Senate Majority Leader Harry Reid has the lowest job-approval rating among the nation's top four congressional leaders, according to Americans surveyed by Gallup
Only 33 percent of the 794 adults polled Sept. 5-8 approve of the Nevada Democrat's job performance, Gallup said on Friday. His disapproval rating was even higher, at 53 percent.
Reid was followed by Senate Minority Leader Mitch McConnell, whose Gallup approval rating was 35 percent.
But even though the Kentucky Republican's disapproval rating — at 47 percent — was higher than his approval rating, it was the lowest among the four congressional leaders.
In the House, Speaker John Boehner's approval rating was 37 percent — and the Ohio Republican's disapproval rating was the highest, at 54 percent.
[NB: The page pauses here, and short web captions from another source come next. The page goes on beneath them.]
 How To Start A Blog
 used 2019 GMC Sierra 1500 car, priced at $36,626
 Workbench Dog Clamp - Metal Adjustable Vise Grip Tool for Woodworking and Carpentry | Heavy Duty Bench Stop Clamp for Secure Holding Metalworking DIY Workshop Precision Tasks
And House Minority Leader House Minority Leader Nancy Pelosi garnered a 39 percent approval rating, but the California Democrat's disapproval rating was the lowest among the congressional leaders, at 51 percent.
This is the first Gallup survey on a specific group of congressional leaders.
"Previous polls have found that all four legislators suffer low favorability ratings," Gallup said. "Although all four leaders have relatively low approval ratings, each does have a higher approval rating than Congress' 19 percent."
In addition, "Americans historically have given congressional leaders relatively low approval and favorability ratings," the survey research firm said.
The poll comes as Congress and the Obama administration square off over legislation to prevent the government from shutting down on Oct. 1 and whether to extend the nation's debt ceiling.
The GOP-controlled House of Representatives voted 230-189 on Friday
to finance the federal government through mid-December while stripping funds for Obamacare.
Boehner sent the legislation to the floor with both issues linked in one vote. The House bill was sent to the Senate for consideration.
But Reid has said that the House bill will pass without the Obamacare portion, and President Barack Obama has said that he would veto any bill that does not include funding for his signature domestic policy achievement.
In developing legislation to raise the government's $16.7 trillion debt limit, House Republican leaders said this week that they were considering several options, including blocking White House plans to curb coal ash pollution; forcing civil servants to contribute more to their retirement plans; requiring Congress to approve many major regulations; and defunding Obamacare for a year.
President Obama has said he wants Congress to send him legislation that only extends the debt limit and that he will not negotiate the matter.
He called Boehner late on Friday to reiterate that his position was not open to negotiation, a spokesman for the House leader told Newsmax
The government is expected to exhaust its borrowing authority by late October. That would threaten a first-ever federal default, which many analysts believe would deal a severe blow to the nation's economy.